6 - L'art et les artistes sont les deux arcs du même cercle ;

7 - Un artiste ne pense pas à la communauté quand il crée parce que la communauté vit en lui :

Nous déplorons les êtres humains qui sont passifs face à l'art, parce que les dimensions universelles sont éclipsées en eux ;

8 - Un artiste est responsable des couleurs, tant physiques que sociales, du rayonnement solaire sur l'endroit où il vit, parce qu'il est une source d'enrichissement de la culture humaine ;

Nous ne pouvons pas pardonner la faute des artistes arabes d'utiliser ces couleurs : jaune, doré et violet ;

9 - La connexion des choses dans la nature doit devenir une union dans le cerveau humain, puis se briser de nouveau et se décomposer, doit pousser l'artiste à garder une brume enfantine lui faisant balancer entre formes et non-formes :

La non-forme est une entité comme la forme qui est totalement acceptée dans une œuvre artistique, et elle est faite de la récurrence d'un mouvement détruisant la récurrence du mouvement précédent, une forme disparaît quand le centre de récurrence est perdu ;

Quand un être humain naît, il comprend la forme d'une manière globale et instinctive, mais quand il grandit, la troisième dimension grandit avec lui aussi, alors il commence à analyser des sujets et refuse de le faire à l'intérieur de la forme, ce qui fait disparaître la forme, et l'être humain peut vivre dans le monde non-formel comme il vit dans la transparence de l'espace de l'Univers ;

10 - Nous considérons la culture artistique, les critiques, la science de la beauté et l'histoire de l'art, comme une partie de la connexion entre l'artiste et son public.

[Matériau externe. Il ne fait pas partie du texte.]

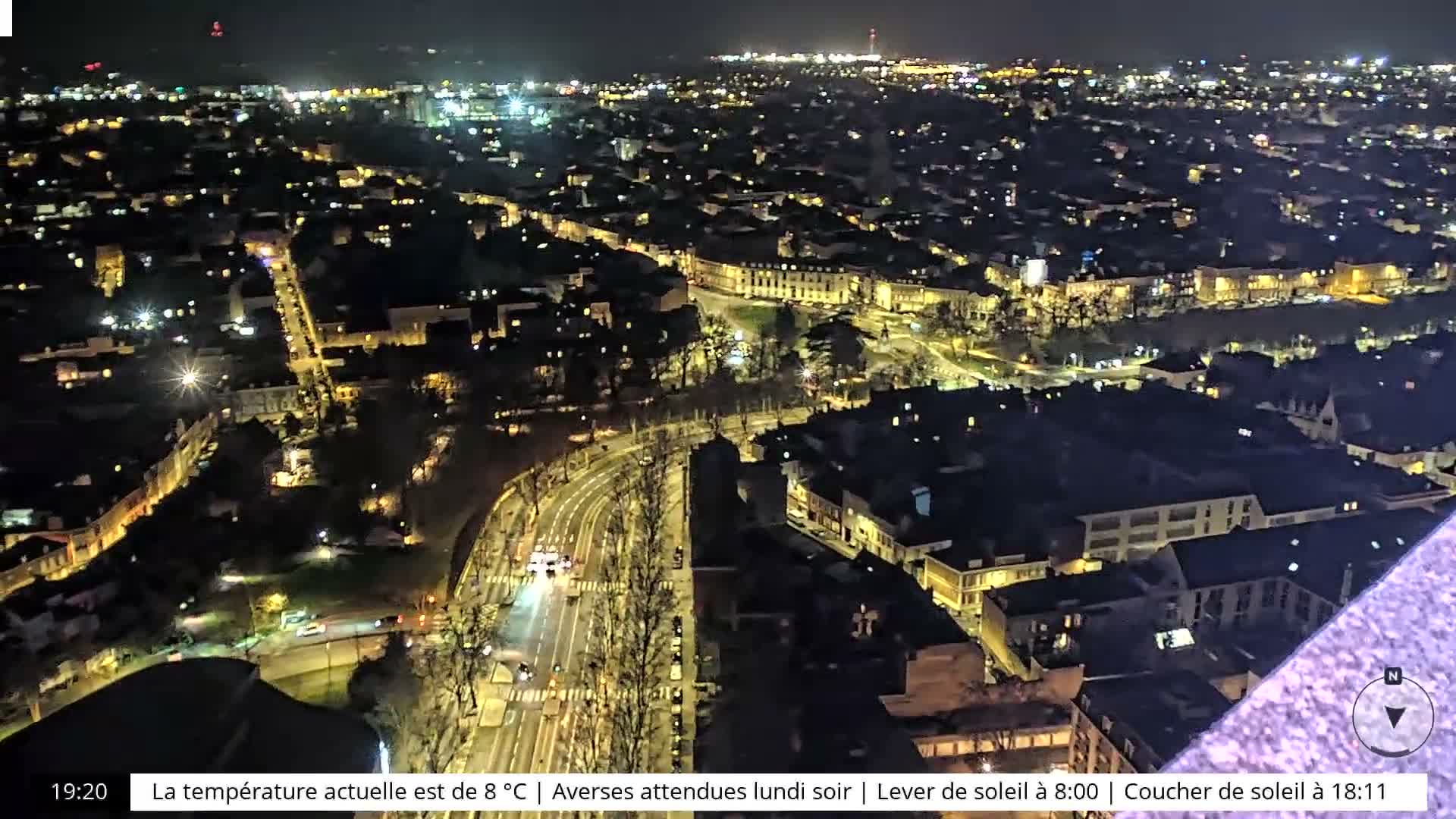 Amiens City Skyline 360 Live Cam- Amiens, Somme, Hauts-de-France, France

Avoir une culture artistique permet à la personne de tester son humanité :

Nous croyons que le rôle des critiques d'art est l'observation de la radiation dans les œuvres d'art ;

Nous sommes désolés pour les critiques d'art qui ne croient pas à l'évolution et ne peuvent pas voir dans une nouvelle œuvre d'art une fenêtre ouverte sur l'avenir ;

11 - Nous consacrons la liberté des êtres humains et plus particulièrement des artistes, car la liberté est l'atmosphère naturelle de l'art :

La liberté est une exigence dans la vie d'un artiste ;

L'esprit révolutionnaire de l'art est une évidence, car chaque œuvre d'art est une position humaine face à l'existence ;

Nous croyons qu'il y a une révolution à l'intérieur de chaque œuvre d'art qui a besoin d'une liberté totale et illimitée ;

Les traditions sont des chaînes et nous sommes libres de les prendre ou de les laisser.